Os crimes do pieguismo

A grande coisa sobre o olhar não é sobre analisar ele, na frieza de algum gabinete ou de algum tipo de repartição pública. Daí, talvez, aquele ditado popular tenha surgido antes de ser tornar um clichê. “Os olhos são a janela da alma” existe algo do mundo vivo aí que pouco se apreende, uma vez que isso se tornou popular. Vivemos em um mundo escasso de alma, daí o grande crime de que essa frase tenha se tornado um ditado popular: ela jamais poderia ser atribuída a todos.

Quando digo alma aqui não quero dizer daquela alma religiosa, falo da alma helênica e dionisíaca. Certamente o tipo de alma que se perdeu em mirabolantes planos cartesianos, daquela que se perde nas aulas de matemática e também nas aulas de história: outro crime, termos conseguido que se perdesse até mesmo nas aulas de arte. Eu falo aqui da alma que não admite a domesticação, o pudor e, sobretudo, a moral. Quando eu penso nessa frase penso também no que a nossa ruminância cultura fez com Carpe diem e a imposição de sentimentos.

A alma helênica é aquela embriaga, entorpecida de sua razão. É aquela que sabe que existe mais de mundo no que sentimos do que naquilo que pensamos, é o que há de selvagem e bestial.

Certa vez, em um aniversário de um amigo, disse que não existe ética no prazer. Bom, é exatamente sobre isso. Jamais poderemos apreender o valor de “os olhos são a janela da alma” enquanto quisermos ser éticos em relação ao que sentimos, jamais poderemos efetivamente sentir o olhar ao invés de analisar. Alguns até fazem aquela alquimia psicológica de linguagem corporal, usam disso para seduzir. Que ponto a racionalização do sentir nos levou, não é? À beira de uma bestial linha de produção do afeto, uma indústria do desejo e um varejo do amor... Avisem-me quando chegar o dia que consigam comercializar Dionísio nas lojas americanas.
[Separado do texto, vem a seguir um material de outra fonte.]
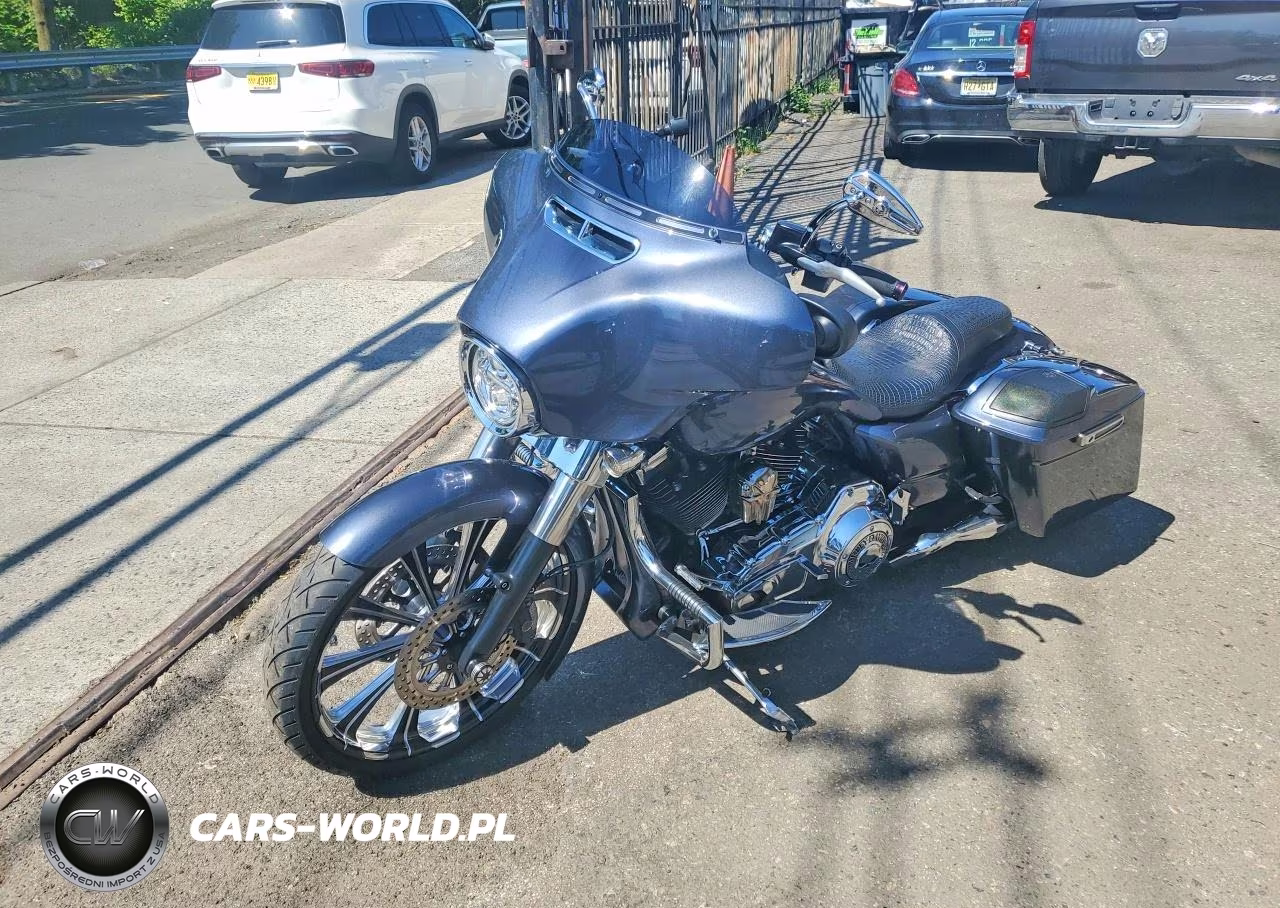 2014 Harley-Davidson Flhx Street Glide VIN:1HD1KBM10EB611525 - 2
Eu sinto essa alma quando no olhar da pessoa existe um quê de vampiro, algo que poderia facilmente entrar na casa do dono sem a menor resistência daquele tipo de apaixonado e, ainda assim, quer permissão para tanto. Quando o olhar é sobre sentir a beleza em coisas inauditas aos críticos, aos moralistas e em geral na gente pobre de vontade, pobre de alma. Talvez um dia eu mude minha orientação em relação à pena para acrescentar somente esses dois delitos: a) tornar clichê o que há de mais divino e animalesco; b) terem imposto a felicidade como lei e, consequentemente, também a impostura da felicidade.